-- Source records --

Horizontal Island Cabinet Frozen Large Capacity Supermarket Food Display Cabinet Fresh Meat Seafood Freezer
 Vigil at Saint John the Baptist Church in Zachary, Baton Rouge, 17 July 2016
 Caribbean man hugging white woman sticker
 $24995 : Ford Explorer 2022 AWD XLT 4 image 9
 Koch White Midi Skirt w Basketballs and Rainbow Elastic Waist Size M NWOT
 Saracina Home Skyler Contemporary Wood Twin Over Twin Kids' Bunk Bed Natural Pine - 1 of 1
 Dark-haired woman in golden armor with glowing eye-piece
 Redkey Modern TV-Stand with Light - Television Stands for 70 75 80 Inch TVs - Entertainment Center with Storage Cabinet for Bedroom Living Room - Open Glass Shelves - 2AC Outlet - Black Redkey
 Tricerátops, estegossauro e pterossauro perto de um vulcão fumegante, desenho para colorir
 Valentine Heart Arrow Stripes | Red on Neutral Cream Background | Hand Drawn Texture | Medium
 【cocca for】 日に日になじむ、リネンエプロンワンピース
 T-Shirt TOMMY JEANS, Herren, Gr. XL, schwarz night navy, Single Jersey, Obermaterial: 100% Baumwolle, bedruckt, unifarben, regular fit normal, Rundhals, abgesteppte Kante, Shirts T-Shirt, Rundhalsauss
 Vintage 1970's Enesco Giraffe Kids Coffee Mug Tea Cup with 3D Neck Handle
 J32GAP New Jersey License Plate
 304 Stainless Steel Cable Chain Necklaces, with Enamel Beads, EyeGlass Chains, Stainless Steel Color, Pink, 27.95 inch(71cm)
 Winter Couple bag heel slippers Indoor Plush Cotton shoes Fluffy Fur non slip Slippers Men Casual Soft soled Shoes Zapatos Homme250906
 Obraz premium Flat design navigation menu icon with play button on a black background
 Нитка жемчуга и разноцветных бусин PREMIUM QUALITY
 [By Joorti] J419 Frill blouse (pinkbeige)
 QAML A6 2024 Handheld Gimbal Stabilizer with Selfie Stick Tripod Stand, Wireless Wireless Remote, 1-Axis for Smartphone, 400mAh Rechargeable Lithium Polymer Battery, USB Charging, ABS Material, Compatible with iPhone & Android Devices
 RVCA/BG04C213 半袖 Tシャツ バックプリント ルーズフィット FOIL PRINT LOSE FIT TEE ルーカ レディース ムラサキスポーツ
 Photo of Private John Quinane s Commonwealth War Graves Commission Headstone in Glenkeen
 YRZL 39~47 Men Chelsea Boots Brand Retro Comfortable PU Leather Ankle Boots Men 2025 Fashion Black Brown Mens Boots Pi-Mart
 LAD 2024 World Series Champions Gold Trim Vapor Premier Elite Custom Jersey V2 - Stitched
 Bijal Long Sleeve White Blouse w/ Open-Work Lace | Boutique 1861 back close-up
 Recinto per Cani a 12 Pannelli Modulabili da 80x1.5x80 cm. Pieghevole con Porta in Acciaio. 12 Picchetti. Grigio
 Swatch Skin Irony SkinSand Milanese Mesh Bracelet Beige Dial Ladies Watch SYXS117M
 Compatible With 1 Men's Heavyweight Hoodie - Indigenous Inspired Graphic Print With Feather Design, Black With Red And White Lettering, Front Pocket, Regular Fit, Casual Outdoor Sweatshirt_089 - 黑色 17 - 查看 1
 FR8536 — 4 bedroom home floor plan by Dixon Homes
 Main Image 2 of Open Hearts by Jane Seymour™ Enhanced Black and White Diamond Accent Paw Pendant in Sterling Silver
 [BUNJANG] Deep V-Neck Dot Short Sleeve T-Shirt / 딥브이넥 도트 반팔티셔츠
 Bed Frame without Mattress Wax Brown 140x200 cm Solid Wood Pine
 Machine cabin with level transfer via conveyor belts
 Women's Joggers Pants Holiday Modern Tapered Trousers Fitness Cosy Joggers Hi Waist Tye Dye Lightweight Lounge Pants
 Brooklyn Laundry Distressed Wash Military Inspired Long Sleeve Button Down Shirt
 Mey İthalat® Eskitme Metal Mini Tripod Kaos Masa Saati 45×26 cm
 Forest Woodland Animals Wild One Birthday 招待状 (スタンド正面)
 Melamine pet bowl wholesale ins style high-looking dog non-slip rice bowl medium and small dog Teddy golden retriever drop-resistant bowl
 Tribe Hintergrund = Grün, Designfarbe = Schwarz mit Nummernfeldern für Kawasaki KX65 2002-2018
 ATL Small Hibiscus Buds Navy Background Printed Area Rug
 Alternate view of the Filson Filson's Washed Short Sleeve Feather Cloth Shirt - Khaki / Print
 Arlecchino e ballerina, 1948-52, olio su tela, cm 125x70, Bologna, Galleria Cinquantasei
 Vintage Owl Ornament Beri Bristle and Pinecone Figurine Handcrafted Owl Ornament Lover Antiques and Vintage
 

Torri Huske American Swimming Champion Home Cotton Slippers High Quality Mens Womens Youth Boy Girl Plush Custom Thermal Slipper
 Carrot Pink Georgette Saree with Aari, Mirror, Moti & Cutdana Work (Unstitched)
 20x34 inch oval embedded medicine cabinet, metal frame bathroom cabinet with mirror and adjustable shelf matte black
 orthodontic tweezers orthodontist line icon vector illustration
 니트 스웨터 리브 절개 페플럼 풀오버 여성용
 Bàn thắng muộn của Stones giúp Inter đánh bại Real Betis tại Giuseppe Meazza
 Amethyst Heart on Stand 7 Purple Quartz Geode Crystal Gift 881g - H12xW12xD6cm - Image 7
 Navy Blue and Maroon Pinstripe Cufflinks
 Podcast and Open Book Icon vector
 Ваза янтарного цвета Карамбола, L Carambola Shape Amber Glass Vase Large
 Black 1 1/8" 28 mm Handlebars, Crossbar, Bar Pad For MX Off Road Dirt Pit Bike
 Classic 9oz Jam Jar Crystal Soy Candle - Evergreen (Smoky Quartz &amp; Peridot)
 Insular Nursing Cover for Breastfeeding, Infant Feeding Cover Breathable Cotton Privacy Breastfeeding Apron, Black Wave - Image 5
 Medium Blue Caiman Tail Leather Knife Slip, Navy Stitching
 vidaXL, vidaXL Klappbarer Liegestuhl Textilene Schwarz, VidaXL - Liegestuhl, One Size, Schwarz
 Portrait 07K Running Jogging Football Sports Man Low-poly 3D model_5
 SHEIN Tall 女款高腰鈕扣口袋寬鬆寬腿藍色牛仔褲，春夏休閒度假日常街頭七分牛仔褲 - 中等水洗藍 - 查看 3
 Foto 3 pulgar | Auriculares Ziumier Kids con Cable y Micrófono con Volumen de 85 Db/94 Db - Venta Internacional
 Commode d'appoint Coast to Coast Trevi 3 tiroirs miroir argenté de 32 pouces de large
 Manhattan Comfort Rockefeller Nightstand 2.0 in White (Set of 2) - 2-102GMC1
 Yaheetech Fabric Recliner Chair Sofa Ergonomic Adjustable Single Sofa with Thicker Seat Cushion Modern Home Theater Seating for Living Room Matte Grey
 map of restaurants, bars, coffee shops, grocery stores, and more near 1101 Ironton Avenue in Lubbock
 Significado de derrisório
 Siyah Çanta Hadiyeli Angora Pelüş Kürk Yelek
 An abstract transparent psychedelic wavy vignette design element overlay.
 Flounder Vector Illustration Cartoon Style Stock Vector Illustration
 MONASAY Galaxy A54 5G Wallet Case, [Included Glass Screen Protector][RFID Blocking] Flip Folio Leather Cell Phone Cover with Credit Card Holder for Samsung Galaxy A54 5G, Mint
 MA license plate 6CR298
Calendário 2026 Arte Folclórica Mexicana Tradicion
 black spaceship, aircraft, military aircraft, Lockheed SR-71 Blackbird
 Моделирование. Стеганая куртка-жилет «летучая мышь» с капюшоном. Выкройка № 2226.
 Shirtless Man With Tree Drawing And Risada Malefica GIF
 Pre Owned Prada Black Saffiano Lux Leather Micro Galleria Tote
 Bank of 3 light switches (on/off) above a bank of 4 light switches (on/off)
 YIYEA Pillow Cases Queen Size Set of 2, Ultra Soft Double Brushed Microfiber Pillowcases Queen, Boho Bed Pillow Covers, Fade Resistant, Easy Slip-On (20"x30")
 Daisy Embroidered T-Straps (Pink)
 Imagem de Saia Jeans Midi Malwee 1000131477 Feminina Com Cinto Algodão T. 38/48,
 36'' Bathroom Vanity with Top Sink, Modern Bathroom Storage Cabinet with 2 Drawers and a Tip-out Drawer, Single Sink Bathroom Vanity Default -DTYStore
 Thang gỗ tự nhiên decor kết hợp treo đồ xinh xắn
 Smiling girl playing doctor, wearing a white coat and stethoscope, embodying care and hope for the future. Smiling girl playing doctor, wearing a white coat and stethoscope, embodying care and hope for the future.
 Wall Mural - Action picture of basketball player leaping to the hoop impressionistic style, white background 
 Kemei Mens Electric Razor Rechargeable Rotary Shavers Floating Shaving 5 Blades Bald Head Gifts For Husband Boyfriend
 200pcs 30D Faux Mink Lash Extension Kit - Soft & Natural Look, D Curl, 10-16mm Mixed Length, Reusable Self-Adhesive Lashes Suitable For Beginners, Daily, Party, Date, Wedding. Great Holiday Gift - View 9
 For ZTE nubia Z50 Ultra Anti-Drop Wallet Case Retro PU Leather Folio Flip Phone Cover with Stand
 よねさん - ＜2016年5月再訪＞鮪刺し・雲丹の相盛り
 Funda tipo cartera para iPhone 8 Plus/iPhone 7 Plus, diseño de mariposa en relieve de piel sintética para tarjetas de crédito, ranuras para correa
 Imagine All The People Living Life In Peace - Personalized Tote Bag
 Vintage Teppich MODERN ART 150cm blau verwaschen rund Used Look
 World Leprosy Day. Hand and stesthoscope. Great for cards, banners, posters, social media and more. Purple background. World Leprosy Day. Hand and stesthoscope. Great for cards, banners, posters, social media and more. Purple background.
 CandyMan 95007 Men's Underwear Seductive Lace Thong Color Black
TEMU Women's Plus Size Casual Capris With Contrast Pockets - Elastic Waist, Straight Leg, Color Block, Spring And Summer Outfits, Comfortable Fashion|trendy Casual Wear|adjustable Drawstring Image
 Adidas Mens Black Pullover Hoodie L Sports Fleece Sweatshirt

-- Task objective --
What is needed is a verbatim copy of every line in the records above from the one containing "Commode d'appoint Coast" down to the one containing "Flounder Vector Illustration", both included, and nothing more.

-- Output of the exercise --
 Commode d'appoint Coast to Coast Trevi 3 tiroirs miroir argenté de 32 pouces de large
 Manhattan Comfort Rockefeller Nightstand 2.0 in White (Set of 2) - 2-102GMC1
 Yaheetech Fabric Recliner Chair Sofa Ergonomic Adjustable Single Sofa with Thicker Seat Cushion Modern Home Theater Seating for Living Room Matte Grey
 map of restaurants, bars, coffee shops, grocery stores, and more near 1101 Ironton Avenue in Lubbock
 Significado de derrisório
 Siyah Çanta Hadiyeli Angora Pelüş Kürk Yelek
 An abstract transparent psychedelic wavy vignette design element overlay.
 Flounder Vector Illustration Cartoon Style Stock Vector Illustration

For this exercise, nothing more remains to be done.